EXTRACTED INFORMATION section start

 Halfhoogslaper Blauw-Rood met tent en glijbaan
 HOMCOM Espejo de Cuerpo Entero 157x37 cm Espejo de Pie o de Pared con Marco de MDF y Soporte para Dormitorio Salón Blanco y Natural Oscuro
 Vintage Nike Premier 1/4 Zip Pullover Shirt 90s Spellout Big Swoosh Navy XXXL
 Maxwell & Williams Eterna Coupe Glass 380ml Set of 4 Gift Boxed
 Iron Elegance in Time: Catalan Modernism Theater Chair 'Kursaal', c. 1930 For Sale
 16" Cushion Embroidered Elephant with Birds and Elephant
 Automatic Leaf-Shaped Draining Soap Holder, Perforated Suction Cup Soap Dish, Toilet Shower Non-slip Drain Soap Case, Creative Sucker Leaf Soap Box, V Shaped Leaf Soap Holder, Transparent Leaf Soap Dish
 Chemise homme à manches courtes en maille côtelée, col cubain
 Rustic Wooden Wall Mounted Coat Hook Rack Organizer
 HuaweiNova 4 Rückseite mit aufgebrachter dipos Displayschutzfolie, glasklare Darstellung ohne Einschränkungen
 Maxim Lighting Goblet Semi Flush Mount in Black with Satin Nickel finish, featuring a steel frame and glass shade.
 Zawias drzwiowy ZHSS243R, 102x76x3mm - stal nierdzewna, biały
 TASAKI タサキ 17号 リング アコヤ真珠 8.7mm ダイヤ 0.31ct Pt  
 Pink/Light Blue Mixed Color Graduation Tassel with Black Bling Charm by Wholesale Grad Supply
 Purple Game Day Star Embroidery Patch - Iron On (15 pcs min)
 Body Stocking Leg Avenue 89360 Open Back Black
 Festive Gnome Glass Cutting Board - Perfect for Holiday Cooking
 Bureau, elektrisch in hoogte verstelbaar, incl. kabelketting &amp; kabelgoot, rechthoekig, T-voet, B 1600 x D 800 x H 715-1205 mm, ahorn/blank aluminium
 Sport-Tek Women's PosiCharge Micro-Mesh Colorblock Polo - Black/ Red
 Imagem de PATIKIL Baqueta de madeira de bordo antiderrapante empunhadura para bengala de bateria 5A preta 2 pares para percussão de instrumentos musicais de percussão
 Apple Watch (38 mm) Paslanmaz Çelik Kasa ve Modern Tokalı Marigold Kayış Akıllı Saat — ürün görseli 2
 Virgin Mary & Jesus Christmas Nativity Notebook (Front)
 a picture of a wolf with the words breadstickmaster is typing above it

EXTRACTED INFORMATION section end

* WORK TASK
Among the records, find every line with the word "Iron" and copy it.

* PROBLEM SOLUTION
 Iron Elegance in Time: Catalan Modernism Theater Chair 'Kursaal', c. 1930 For Sale
 Purple Game Day Star Embroidery Patch - Iron On (15 pcs min)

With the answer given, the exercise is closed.